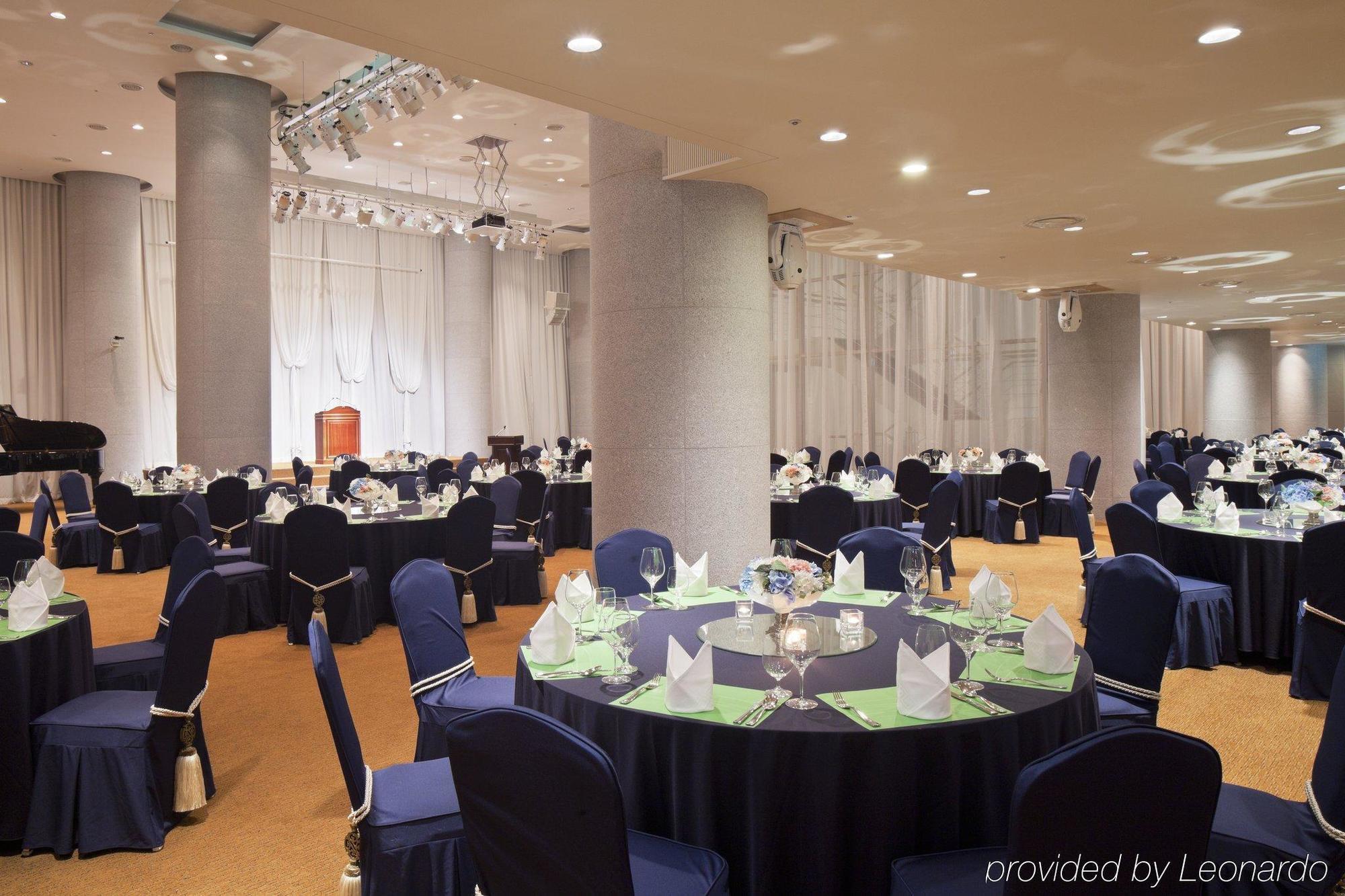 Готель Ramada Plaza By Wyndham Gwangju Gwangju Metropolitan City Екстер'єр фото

==

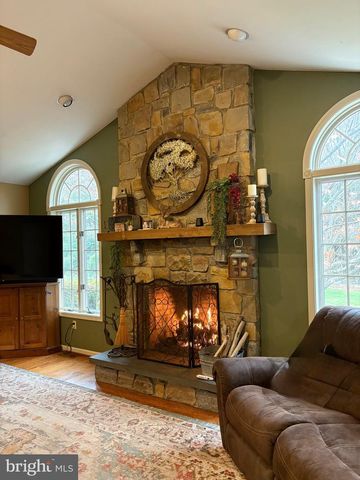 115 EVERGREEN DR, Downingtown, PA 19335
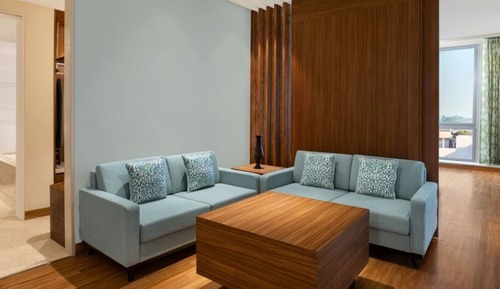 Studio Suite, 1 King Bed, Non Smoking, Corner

--

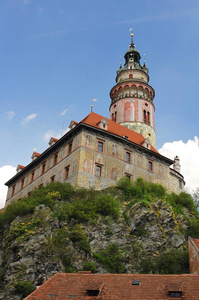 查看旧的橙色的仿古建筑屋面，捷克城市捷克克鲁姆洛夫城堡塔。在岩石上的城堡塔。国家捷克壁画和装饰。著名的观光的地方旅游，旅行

*Your instructions:*
Excluding any pictures, print exactly the lines of the listing above from the line with "115 EVERGREEN DR, Downingtown, PA 19335" to the line with "Studio Suite, 1", both ends included.

*Result for this exercise:*
 115 EVERGREEN DR, Downingtown, PA 19335
 Studio Suite, 1 King Bed, Non Smoking, Corner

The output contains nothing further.